Despite forming in 2008, Swiss black/death metal duo Bölzer have left it until 2016 to finally release their debut album ‘Hero’. Their output so far has consisted of a demo and two EPs, alongside a string of live shows – all have been met with fervent praise, so expectations for this release are exceptionally high before ‘play’ has even been pressed. A lone star style whistle opens the record with ‘Urdr’, before laying over some distant sounding, albeit thunderous, percussion. Atmosphere sufficiently built, they launch straight into the galloping pace of ‘The Archer’ – there is much of the same might and murk that we’ve heard on previous releases ‘Soma’ and ‘Aura’, and then the vocals kick in…

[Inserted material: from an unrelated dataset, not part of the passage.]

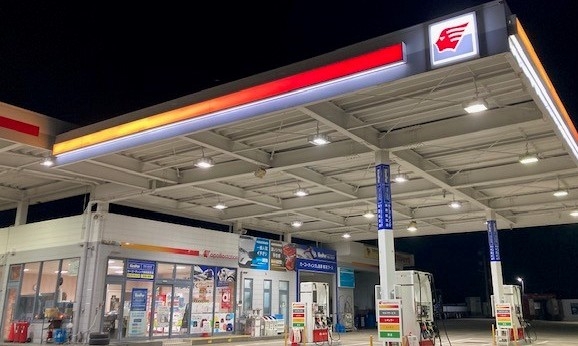 西フリ　松任給油所 西日本フリート株式会社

The usual evil growls have not been abandoned, just used more sparingly. In their place, KzR adopts a cleaner style of vocal that would honestly not sound out of place on a Manowar record – it’s honestly a little frightening at first listen and will take a few spins to genuinely get your head around. Long term fans of Bölzer are going to be pushed well out of their comfort zone upon first listen, and it’s completely understandable. Once the initial shock has worn off, it’s easy to hear how well this vocal style fits with the music. Rather than producing a short EP consisting of fewer, longer tracks, an album of average length, consisting of fairly regular song durations has totally altered Bölzer’s style. Compared with their EPs, ‘Hero’ has a much pacier tempo and grander feeling riffs, KzR’s vocals soar alongside this.
They’ve not compromised on their heaviness at all, just switched up the dynamic – it’s a definite gamble on their sound but one that has paid off. The pristine quality of the production allows for every element to shine and puts a keen focus on HzR’s drumming that we haven’t heard previously; he’s a juggernaut behind the kit, with some double bass pedal work that adds a unique ferocity to each track. Forgive the initial shock and stick with ‘Hero’ it’s an eventually catchy and, ultimately, rewarding listen.